Bonjour Nadia, j'ai perdu mon compagnon voici 4 mois, il s'est jeté d'une falaise.
Malade aussi, et obsédé par sa pathologie qui n'avait rien de dramatique mais qu'il a vécu comme telle.
Bref, il pouvait vivre avec cet emphysème léger, mais il a paniqué. Et rien ne laissait présager cette issue, ce coup de tête fatal à 10 jours de notre départ en vacances.
J'ai compris, après beaucoup de souffrance (état zombie, impression qu'on se liquéfie sur place, qu'on est en morceaux, en vrac, et pour toujours...), souffrance toujours présente même si, contraintes obligeant, on "revient dans la vie quotidienne" parce que pas le choix, qu'il faut accepter cette part d'inconnu que nous a montrée quelqu'un qu'on pensait connaître par cœur.
On ne peut pas tout comprendre, et le mécanisme du suicide, un deuil terrible, entraîne des phases de culpabilité, de colère (pourquoi m'a-t-il laissée

), de chagrin, et ça recommence, dans le même ordre ou dans le désordre.
Puis viennent des petits moments "d'acceptation". On ne valide pas, mais on a l'intuition, le sentiment intérieur, qu'on perd son temps à se battre contre cette réalité : elle est là ! Elle fait partie de nous pour toujours...
Cette part inconnue de l'autre, celle qui a déclenché le passage à l'acte, nous restera inconnue pour toujours.
C'est le grand mystère qu'il nous a laissé, et qui me laisse encore stupéfaite parfois, sans doute pour longtemps, pour toujours même.
Ce grand mystère existait avant nous, et cette "possibilité" de choisir sa fin de vie devait être là aussi, sous-jacente, pas forcément exprimée, mais cachée dans les tréfonds de sa personnalité.
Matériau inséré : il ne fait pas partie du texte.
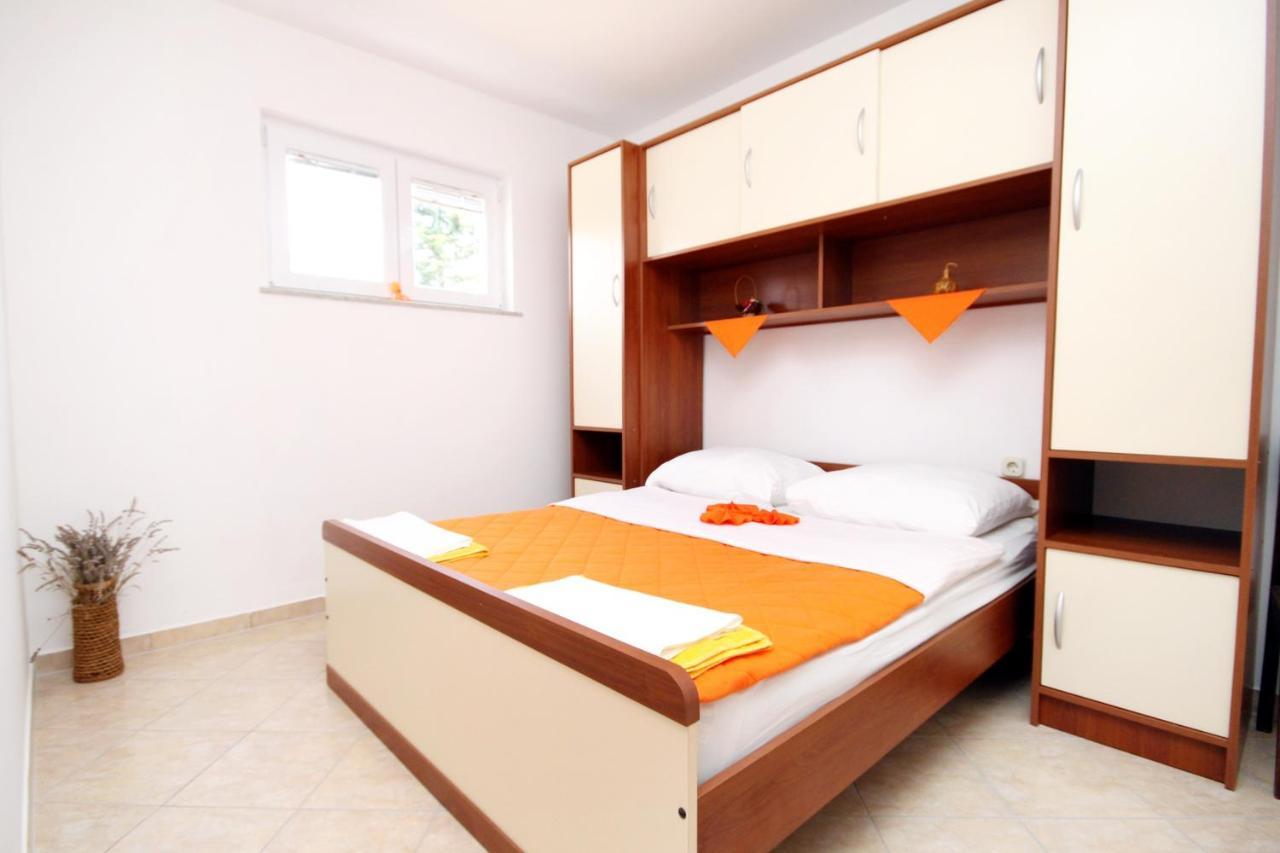 Apartments With A Parking Space Seline, Paklenica - 6603 Starigrad Paklenica Esterno foto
Peut-être n'en avait-il même pas conscience... ou s'il l'avait, ne pensait même pas lui-même qu'il puisse un jour passer à l'acte.
Je connais, et bien d'autres aussi, tous tes sentiments, y compris celui d'avoir envie de le rejoindre, quasiment en permanence. Au début ce désir est très concret. Puis il se transforme : j'ai toujours envie de le rejoindre, mais pas forcément en passant à l'acte. Ce moment viendra bien un jour, de toutes façons... Je le rejoins déjà dans certains rêves, et dans des signes que j'ai appris à voir au quotidien, de tout petits signes, qui me font sentir sa présence, me font sentir que le lien existe toujours, qu'il n'est pas détruit. Il est à vivre "autrement". Cette acceptation n'est pas évidente.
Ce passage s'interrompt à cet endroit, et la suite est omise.